Hedge funds may have been to blame for the flash crash in May, and perhaps there is an even darker hidden danger lurking. I think that global macro funds are trading against the dollar and it is worrisome to imagine the avalanche that could happen.How plausible is it that hedge fund stress could trigger a straight up USD collapse? For these four reasons, our currency may be hanging in a more delicate balance than we realise.
- Ballooning trillions of national debt will be cheaper to pay by switching on the printing press and manufacturing money from air. It’s likely that our national government will contemplate this approach when it comes time to pay the piper. Attempting to mend systematic problems in our economy would be useless at this point. Devaluation would certainly be an easier solution although living in the 2010 version of Weimar Germany may be a lifestyle change for all of us.
- The shine of the USD, formerly the most popular currency in the world, is dulling. China has become disoriented and already tried to replace our dollar with an international reserve currency. They’ve already started dumping our Treasuries and buying gold. On the other hand, it is not feasible that the world powers would want to demolish a key trading partner. Further, no new kid on the block has stepped up despite the world’s disenchantment with the greenback’s lost glimmer.
- If I were not an investment advisor, I would sell options on the VIX ETF. In today’s momentum market, fear prevails and emotion dominates trading behaviour. It is not inconceivable to imagine panic selling happening in mass. I do not know of a single global macro fund that is long the USD. China, Japan, and a few big macro funds dumping our currency could be enough to do us in.
- It seems that since the advent of high frequency trading funds in recent years, the market has shifted to a momentum rather than fundamental orientation. Perhaps this is another invisible hand operating in the darkness.
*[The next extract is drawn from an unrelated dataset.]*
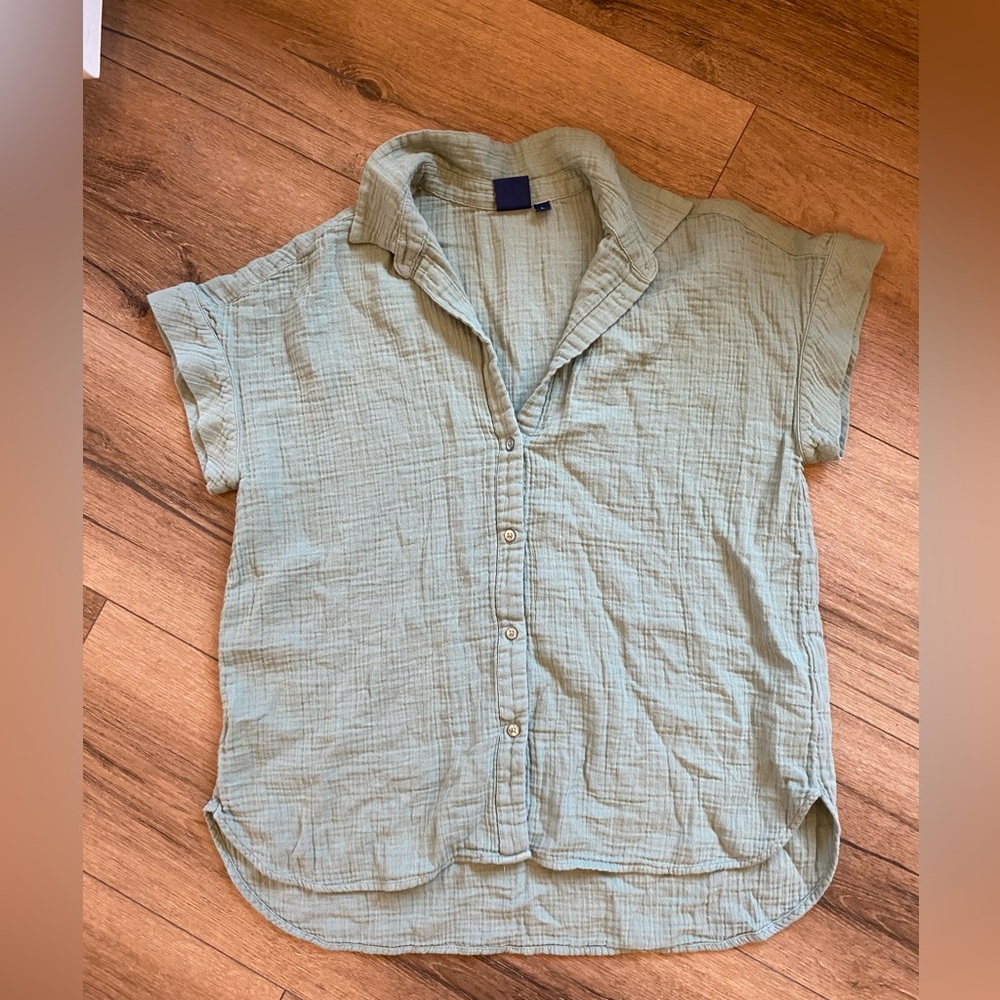 Gap muslin cotton gauze sage green button down top shirt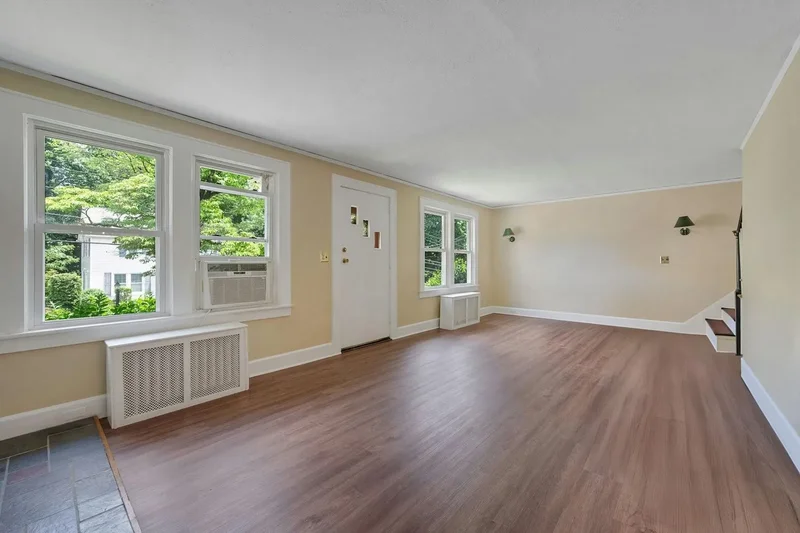 23 Jackson Avenue, White Plains, New York, United States. - Photo 16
- It is useful to examine the paradigm of the Paulson fund’s short of the housing market. While this trade was by no means the only source of America’s turmoil, the confluence of factors intensifying the collapse of the housing market certainly did not improve life for Americans. History unfortunately repeats itself and if we lacked the vision to detect the first time, why wouldn’t we again be oblivious to another large macro bet against a staple instrument of our economy?
Although it is reasonable to imagine that hedge funds may be responsible for some macroeconomic whipsawing, it’s not clear exactly what that is. It is unlikely the seemingly rational world would move to bankrupt the dollar; however it is not unforeseeable to imagine a currency crisis on the brink.
What may this mean for investors? An alternative to the more simplistic approach of hiding the gold bullion under your mattress would be to find a good global macro fund and fill out the subscription forms fast.